**Jason Leezer** worked for a summer on exploring negative diffusion in perturbed planetary rings. The following summer he worked on a distributed, load-balanced, fault tolerant simulation framework in Java.

**Amy West **is working on ringlet formation in high M-number resonances.

**Glenn Kavanagh **is working on GPGPU applied to numerical simulations for an Honors Thesis. He also worked for a summer as part of an NSF grant on parallelizing different codes including adding multithreading to SwiftVis.

**Brent Peckham** worked on optimizing gravitational N-body simulations for the Cell processor. This was the topic of his Hornors Thesis.

**Keller O'Hara** developed an API for doing Multi-Agent simulations. This was the topic of his Hornors Thesis.

**Andrew Krausnick** explored agent behavior in a simple economy with human avatars. This was the topic of his Hornors Thesis.

**Tom Dietzel** looked at economic modeling in Multi-Agent systems. This was the topic of his Thesis.

**Domingo Lara** worked on comparing different spatial data structures to determine the optical data structures for doing collision processing in N-body simulations.

**Eric Garza** worked on algorithmic generation and layouts of cities. This work began with the original offering of Effective Object-Oriented Programming and continued into his Honors Thesis.

**Mike McBryde **worked on algorithmic generation of commercial buildings for his Honors Thesis.

**Jess Martin** worked on algorithmic generation of residential buildings. This work started as part of the original offering of Effective Object-Oriented Programming and continued on through his Honor Thesis.

**Paul West** worked on an honors thesis that explores the use of templates
and expression templates to produce efficient bignum implementations in C++.
He preented some of his early work on this at NCUR 2004.

**Victoria Winbow** worked with me for a semester on trying to produce a
simple streamline model for rings. Full simulations, in research listed below,
has shown that collisions prevent streamlines from shearing through one another.
In theory a simple model based only on this can exhibit many of the behaviors
seen in large scale simulations much more cheaply. Unfortunately, we haven't
foudn the right blend of simplicity and complexity yet.

**Nick Wing** did his honors thesis with me on the topic of parallelizing
collision detection algorithms. This work became two papers that were published
in the annual proceedings of the PDPTA conference 2002 and 2003.

At CU I began working with Glen Stewart on a project to simulate gravitational
wakes in rings. The primary physical example of this phenomenon is at the edges
of the Encke Gap in Saturn's A-ring. This 325km wide gap is caused by the presence
of a small moonlet named Pan. When particles in the ring pass by Pan they are
perturbed into more eccentric orbits. Because the particles are basically on
Keplerian orbits, the differential rotation produces shear which produces the
wakes. The easiest way to find papers and abstracts by me on this is to go to
the ADS search site
and search for Lewis, M.C. as an author with the keyword ring.
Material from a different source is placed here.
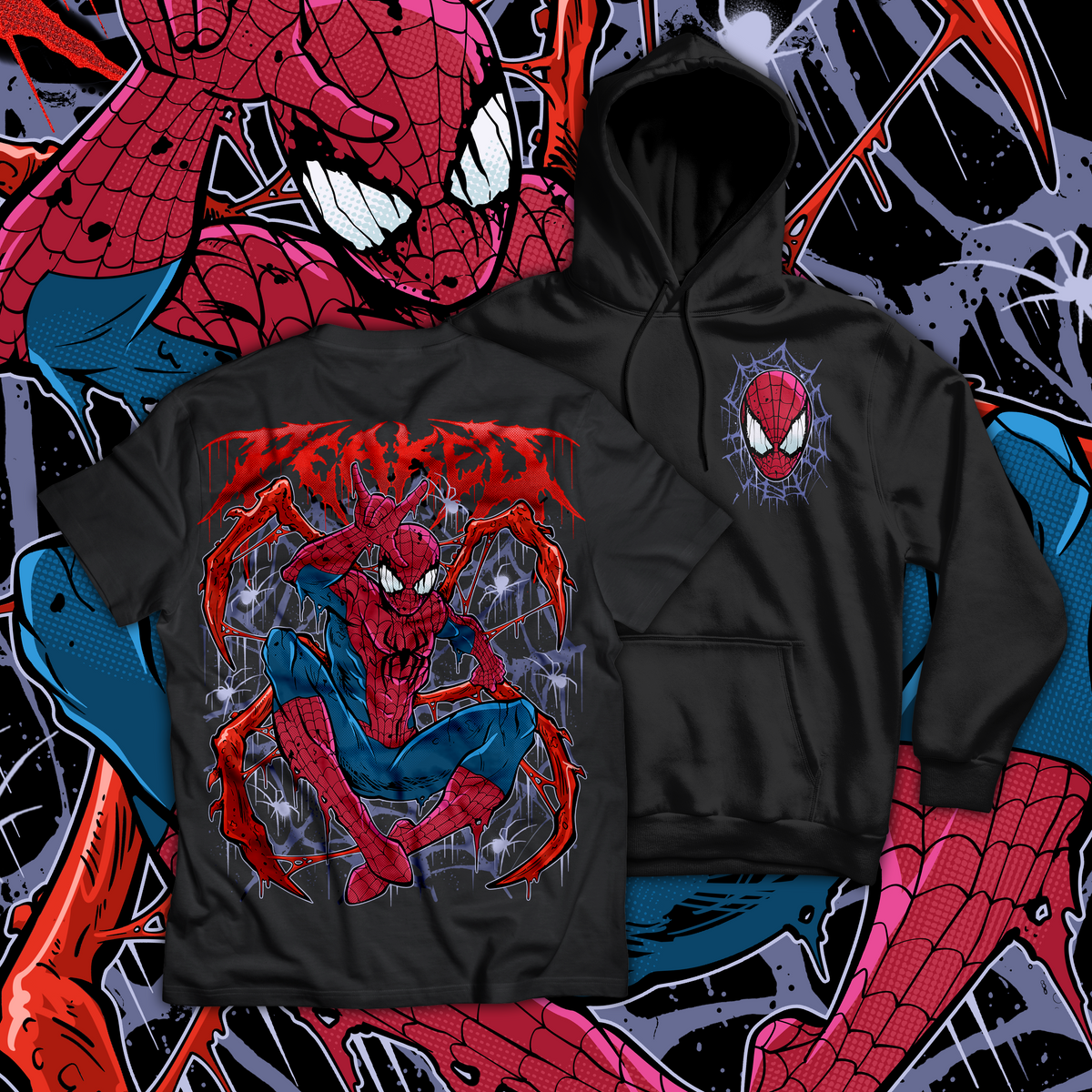 Webs T Shirt / Hoodie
More recently this work has included gravitational effects and I have also looked at narrow rings systems like Saturn's F ring.
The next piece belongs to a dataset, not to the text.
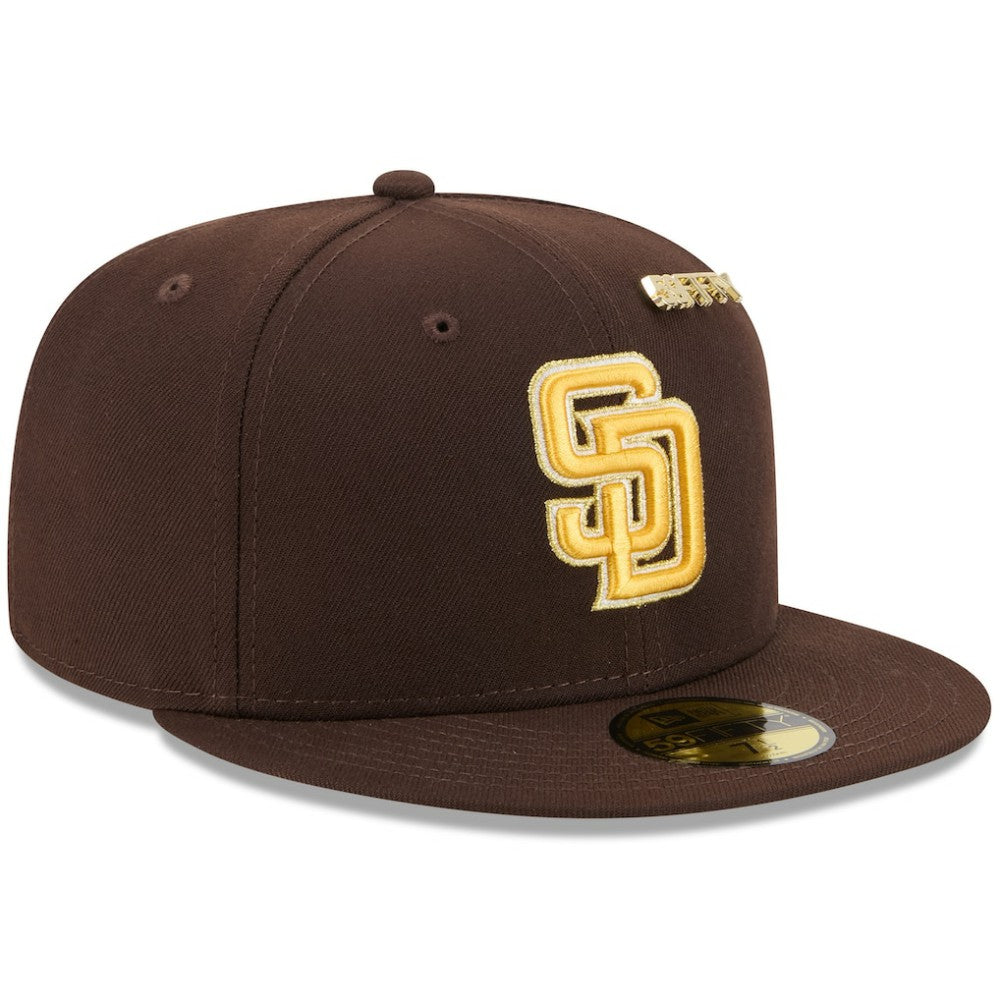 San Diego Padres New Era 2025 59FIFTY Day 59FIFTY Fitted Hat with Pins - Brown Hats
My physics thesis was on the topic of chaos and instability in the solar system. It expands on the work of Lecar, Franklin, and Murison (1992) where they found a rough correlation between chaos as measured by the Lyapunov exponent and orbital stability for the orbits of small bodies in our Solar System.

My computer science thesis was on the topic of large scale virtual worlds. In particular I discuss the issues of generation and display. This document contains specific discussions of fractal generation algorithms and algorithmic methods of LOD creation and verification.

This project looked at the evolution of planetary atmospheres. It includes applets that illustrate the way in which different atmospheric loss processes work.

In this project I explored how the nature of a surrogate Hamiltonian that is used in a symplectic mapping can impact the onset of chaos in a system. In particular, the way that KAM tori form. This includes some applets that let you play with different integrators.

This project looked at anomalous absorption of light in clouds. It includes an applet that uses a Monte-Carlo simulation to bounce photons through different cloud configurations with different scattering rules to measure how much the path length increases.

For this project I looked at how L-systems might be used for parsing natural languages instead of Chompsky grammars. While there didn't seem to be much of an advantage to L-systems for this, it does include some applets that let you play with L-systems.